RECORDS SUPPLIED below:

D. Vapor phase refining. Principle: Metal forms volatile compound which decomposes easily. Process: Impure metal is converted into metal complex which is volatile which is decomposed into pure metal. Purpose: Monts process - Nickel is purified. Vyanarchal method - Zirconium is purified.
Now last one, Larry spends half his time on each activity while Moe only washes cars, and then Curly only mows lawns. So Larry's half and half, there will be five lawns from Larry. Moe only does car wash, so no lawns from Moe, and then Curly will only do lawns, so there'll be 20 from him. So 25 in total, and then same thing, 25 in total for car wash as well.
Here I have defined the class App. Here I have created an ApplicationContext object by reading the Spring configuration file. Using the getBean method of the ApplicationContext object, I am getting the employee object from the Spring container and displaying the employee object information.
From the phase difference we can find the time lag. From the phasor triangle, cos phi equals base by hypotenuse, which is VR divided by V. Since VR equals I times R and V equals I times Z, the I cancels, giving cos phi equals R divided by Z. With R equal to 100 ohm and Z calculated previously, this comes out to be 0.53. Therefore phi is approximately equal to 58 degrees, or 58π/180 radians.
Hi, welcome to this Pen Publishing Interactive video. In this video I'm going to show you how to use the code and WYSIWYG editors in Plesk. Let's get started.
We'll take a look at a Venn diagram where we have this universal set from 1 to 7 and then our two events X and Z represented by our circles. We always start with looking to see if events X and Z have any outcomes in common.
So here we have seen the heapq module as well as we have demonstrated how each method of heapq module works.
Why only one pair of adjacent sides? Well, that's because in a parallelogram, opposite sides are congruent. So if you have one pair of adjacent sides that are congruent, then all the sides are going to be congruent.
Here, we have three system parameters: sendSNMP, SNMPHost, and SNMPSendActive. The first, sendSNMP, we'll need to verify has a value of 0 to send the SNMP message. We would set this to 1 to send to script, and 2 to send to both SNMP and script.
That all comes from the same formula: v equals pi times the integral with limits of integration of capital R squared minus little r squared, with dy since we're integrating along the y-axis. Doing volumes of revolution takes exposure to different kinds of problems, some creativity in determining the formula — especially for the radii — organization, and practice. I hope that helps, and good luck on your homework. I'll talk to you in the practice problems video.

End of RECORDS SUPPLIED.

## DESCRIPTION OF THE TASK
Considering only the data above, return the lines in which "method" occurs.

## EXERCISE OUTPUT
D. Vapor phase refining. Principle: Metal forms volatile compound which decomposes easily. Process: Impure metal is converted into metal complex which is volatile which is decomposed into pure metal. Purpose: Monts process - Nickel is purified. Vyanarchal method - Zirconium is purified.
Here I have defined the class App. Here I have created an ApplicationContext object by reading the Spring configuration file. Using the getBean method of the ApplicationContext object, I am getting the employee object from the Spring container and displaying the employee object information.
So here we have seen the heapq module as well as we have demonstrated how each method of heapq module works.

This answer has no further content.